C'est une stratégie spécifique aux papillons. Il est question ici de tromper l'adversaire par des jeux de formes et de couleurs qui n'ont rien à voir avec la forme véritable de l'insecte, mais sans imitation du milieu.
De très nombreux papillons portent des "ocelles", c'est à dire des taches plus ou moins grosses et colorées. À première vue, ça attire plutôt l'œil, mais c'est justement le but recherché. Ces ocelles peuvent être employées de deux façons différentes, selon les espèces. La première consiste à faire croire au prédateur que les ocelles sont en fait les véritables "yeux" de la proie.

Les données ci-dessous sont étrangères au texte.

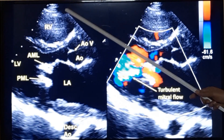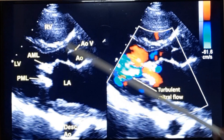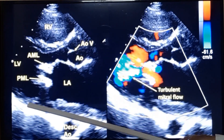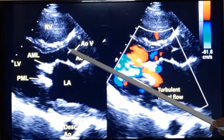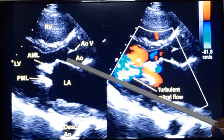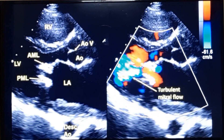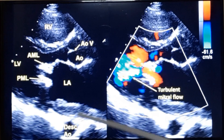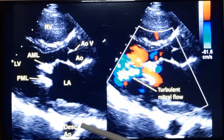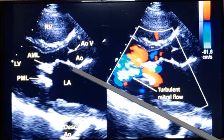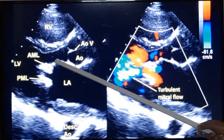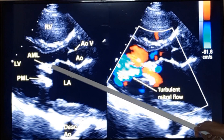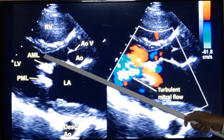This is the parasternal long axis view in echocardiogram. Right ventricle, interventricular septum, posterior wall of left ventricle. Ascending aorta with the two aortic cusps are seen — non-coronary and left coronary cusps. This is a cross section of descending aorta. Aortic leaflets are okay, probably there is minimal thickening. This is the anterior mitral leaflet showing doming in diastole. There is a hockey stick-like appearance, and in diastole this would almost go and touch the interventricular septum.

papillon paon de jour Le chasseur s'attaque donc en priorité aux ocelles, toujours situées aux extrémités des ailes, comme sur le Satyre ci-dessus, et arrache juste au passage un petit lambeau d'aile, laissant à la proie le temps de s'échapper sans que les organes vitaux de son corps soient en danger un seul instant. La deuxième manière est plus subtile : dans ce cas la proie va ouvrir brutalement ses ailes devant le prédateur, lui présentant ses ocelles de couleurs vives, pour qu'il soit surpris par cette débauche de couleurs inatendues. Le temps que le prédateur reprenne ses esprits et attaque pour de bon, la proie a le temps de s'envoler. On peut ranger dans cette catégorie le Paon de jour, Inachis io, (ci-contre) et d'innombrables espèces de papillons ocelés. Les deux manières sont d'ailleurs employées en même temps dans bien des cas.

De plus en plus fort : le mimétisme Batésien, ou l'escroquerie caractérisée !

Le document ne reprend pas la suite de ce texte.